Dimana Sajakah Dirimu Selama ini?

Seorang lelaki khidmah bercerita,

            Saat itu, di Turki, tahun 1994. Saya terlambat datang ke pengajian bincang santai yang juga dihadiri teman-teman saya. Akhirnya, saya meminta maaf kepada mereka seraya menjelaskan alasannya. Saya terlambat karena harus mengunjungi salah seorang teman yang sedang dirundung duka. Seseorang yang disayanginya meninggal dunia. Kejadiannya cukup menarik meskipun akhirnya ada yang meninggal dunia.  Sesaat sebelum wafatnya, almarhum menerima empat panggilan telepon dari putra, putri, dan menantunya. Awalnya almarhum terkejut, karena keempat panggilan tersebut terjadi berurutan. Beliau selalu menjawab, “Saya baik-baik saja.”. Lantas satu gagasan terbesit di pikirannya, “Ada yang aneh ini…” Beberapa menit kemudian, beliau meninggal dunia dengan posisi sedang duduk di sofa. Keseluruhan kejadian tadi hanya berlangsung sekitar setengah jam.

            Saat saya menceritakan cerita tadi sambil kami minum teh, seorang  pemuda tiba-tiba menyahut, “Izinkan saya menceritakan kejadian yang serupa yang saya alami, Pak.”

            Ia melanjutkan,

            “Suasana harmonis pertemanan dan percakapan di bincang santai ini begitu berkesan untuk saya. Memang kita baru saja bertemu. Namun, entah mengapa terngiang dalam pikiran saya sebuah pertanyaan, “Mengapa diri saya tidak berjumpa dengan orang-orang seperti di bincang santai seperti ini sebelumnya?” Izinkanlah saya, yang hanya memiliki satu lengan ini menceritakan kejadian yang serupa dan hal-hal menarik yang terjadi kepada saya beberapa waktu silam.

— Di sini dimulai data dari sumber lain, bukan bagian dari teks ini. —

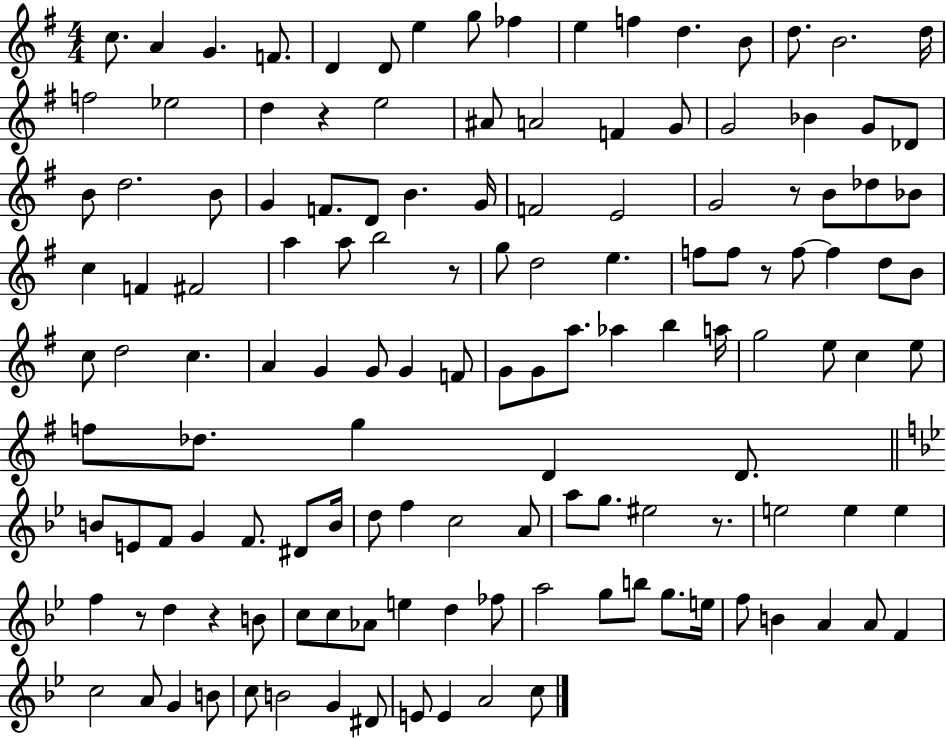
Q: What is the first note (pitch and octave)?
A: C5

            Kejadian ini terjadi tepat ketika saya bersama tunangan saya Ipek, kami hendak menikah sepuluh hari lagi waktu itu. Saat itu, saya menjemputnya dari rumahnya, kemudian pergi ke kafe malam. Kemudian, kedua temanku yang namanya sama, Murat, juga datang bersama kekasihnya. Jujur, waktu itu saya tidak menduga kedatangan mereka. Oleh sebab itu, saya bertanya  apa yang mereka lakukan di kafe malam itu. Dengan arogan mereka tertawa dan berteriak keras, “Kami ke sini untuk mati!”. Dengan kencang kami pun mengatakan hal yang sama. Kami pun tertawa dengan penuh senda gurau.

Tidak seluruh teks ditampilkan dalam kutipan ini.